Designing Ireland, a four-part television documentary series, presented by Dr Sandra O’Connell, editor of Architecture Ireland, and Angela Brady OBE, past President of the RIBA, will be shown on RTE One on Thursday nights throughout November. We spoke to London-based Dubliner, Angela Brady, about her firm’s best-known building in Ireland.
Foyer is a French term meaning hearth or home. The Foyer concept, a social institution first developed in France in the 1940s before spreading to the UK and other European countries, is a protective environment that provides residential accommodation and skills training for homeless young adults between the ages of 18 and 25, creating a stepping stone to personal independence by breaking the link between homelessness and unemployment.
Applicants to a foyer must be drug-free for at least 12 months and seeking or involved in training or employment, and may remain in residence for up to three years. Each resident is allocated a private room with a bed and study area and a bathroom shared with an adjoining room. Rooms are clustered in sixes to form a ‘family’ group with its own kitchen, dining room and laundry area, intended to inculcate life skills and foster sociability.

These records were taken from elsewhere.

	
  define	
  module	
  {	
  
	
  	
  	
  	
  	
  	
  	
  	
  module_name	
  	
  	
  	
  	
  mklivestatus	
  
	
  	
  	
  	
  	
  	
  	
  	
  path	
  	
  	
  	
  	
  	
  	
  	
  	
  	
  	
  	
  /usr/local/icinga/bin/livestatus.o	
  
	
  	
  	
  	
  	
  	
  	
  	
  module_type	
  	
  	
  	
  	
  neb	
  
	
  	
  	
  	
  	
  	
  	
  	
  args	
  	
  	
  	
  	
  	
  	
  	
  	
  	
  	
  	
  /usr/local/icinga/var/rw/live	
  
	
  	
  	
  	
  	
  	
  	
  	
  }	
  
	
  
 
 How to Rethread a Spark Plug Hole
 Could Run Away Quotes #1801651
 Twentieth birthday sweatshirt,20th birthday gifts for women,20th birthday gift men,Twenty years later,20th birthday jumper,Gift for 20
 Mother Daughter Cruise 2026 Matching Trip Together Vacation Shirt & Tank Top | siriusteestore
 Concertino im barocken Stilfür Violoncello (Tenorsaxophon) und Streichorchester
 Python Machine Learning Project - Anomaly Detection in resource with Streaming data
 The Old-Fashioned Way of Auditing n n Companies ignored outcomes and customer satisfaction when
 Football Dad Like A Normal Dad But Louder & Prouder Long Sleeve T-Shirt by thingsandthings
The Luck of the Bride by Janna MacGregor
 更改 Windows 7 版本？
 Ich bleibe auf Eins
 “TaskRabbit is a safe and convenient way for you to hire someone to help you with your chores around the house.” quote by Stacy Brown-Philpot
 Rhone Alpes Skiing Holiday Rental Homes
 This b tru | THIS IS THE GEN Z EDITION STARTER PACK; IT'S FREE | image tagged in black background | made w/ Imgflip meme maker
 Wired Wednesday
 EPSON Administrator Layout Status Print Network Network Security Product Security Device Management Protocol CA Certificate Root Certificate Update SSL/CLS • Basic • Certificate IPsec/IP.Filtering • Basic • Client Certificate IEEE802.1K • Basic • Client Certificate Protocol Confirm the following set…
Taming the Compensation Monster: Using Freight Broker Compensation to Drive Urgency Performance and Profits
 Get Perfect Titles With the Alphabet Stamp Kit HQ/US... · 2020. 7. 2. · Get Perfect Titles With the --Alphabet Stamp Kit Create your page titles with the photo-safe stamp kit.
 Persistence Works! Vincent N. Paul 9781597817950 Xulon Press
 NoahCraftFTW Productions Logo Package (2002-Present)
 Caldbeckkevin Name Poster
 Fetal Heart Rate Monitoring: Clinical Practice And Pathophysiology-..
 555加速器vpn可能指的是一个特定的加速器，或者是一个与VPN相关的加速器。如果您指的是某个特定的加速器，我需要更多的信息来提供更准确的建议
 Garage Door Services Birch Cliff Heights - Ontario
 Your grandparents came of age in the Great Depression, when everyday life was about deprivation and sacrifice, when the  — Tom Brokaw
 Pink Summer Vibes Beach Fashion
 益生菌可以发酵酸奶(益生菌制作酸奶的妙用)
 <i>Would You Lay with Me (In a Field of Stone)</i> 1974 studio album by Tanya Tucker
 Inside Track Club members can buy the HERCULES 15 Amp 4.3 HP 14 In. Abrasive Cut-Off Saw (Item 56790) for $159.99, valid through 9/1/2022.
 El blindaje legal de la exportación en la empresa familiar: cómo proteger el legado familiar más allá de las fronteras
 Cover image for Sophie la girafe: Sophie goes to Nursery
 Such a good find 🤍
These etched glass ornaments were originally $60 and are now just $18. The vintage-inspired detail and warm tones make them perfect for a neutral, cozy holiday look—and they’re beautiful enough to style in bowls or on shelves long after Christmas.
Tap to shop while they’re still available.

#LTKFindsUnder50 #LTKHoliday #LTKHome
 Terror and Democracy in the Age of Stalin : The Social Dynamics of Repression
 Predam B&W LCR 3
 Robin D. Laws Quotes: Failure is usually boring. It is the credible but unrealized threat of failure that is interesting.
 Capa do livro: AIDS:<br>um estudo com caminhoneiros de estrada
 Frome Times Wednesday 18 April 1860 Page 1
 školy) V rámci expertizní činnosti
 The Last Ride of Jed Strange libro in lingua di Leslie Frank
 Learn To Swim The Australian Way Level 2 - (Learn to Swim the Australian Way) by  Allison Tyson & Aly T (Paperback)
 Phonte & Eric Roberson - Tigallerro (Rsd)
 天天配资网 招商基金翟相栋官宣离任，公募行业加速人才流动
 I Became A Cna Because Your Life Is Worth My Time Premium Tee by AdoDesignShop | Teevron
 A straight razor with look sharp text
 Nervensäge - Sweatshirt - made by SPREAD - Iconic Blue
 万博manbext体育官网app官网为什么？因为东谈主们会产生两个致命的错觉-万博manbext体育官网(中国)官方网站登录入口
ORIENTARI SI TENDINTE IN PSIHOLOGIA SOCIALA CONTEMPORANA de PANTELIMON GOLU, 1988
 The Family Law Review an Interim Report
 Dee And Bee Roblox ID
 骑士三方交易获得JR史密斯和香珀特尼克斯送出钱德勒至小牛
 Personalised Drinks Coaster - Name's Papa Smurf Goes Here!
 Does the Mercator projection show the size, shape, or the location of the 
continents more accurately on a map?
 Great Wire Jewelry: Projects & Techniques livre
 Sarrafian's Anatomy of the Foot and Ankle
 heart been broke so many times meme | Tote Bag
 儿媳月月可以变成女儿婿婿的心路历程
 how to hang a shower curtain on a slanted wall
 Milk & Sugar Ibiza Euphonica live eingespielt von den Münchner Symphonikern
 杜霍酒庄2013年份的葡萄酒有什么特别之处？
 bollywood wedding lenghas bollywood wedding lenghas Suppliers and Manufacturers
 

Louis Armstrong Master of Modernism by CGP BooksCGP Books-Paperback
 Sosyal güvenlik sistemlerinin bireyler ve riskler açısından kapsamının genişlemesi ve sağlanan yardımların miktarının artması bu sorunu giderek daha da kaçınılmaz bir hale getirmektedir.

“The idea is to bring them out of themselves and almost force them to socialise,” says Angela Brady. “They have to come out of their bedrooms to eat, and then they can learn to cook. The sociability of the design is key. When that doesn’t happen, a foyer can fail miserably.” Two flats are also provided for live-in managers.
Brady has been a champion of the foyer concept since entering an international design competition run by the Architecture Foundation on behalf of Shelter, the homeless charity, for Britain’s first foyer, in central Birmingham. That was in 1993. There are now more than 600 foyers throughout the UK. “Although we didn’t win the competition,” she says, “we thought it was such a great idea – architecture with a social conscience – that we approached Cara, an Irish housing association based in London, and said, ‘These foyers are a really good idea. Do you want one?’ And they did.”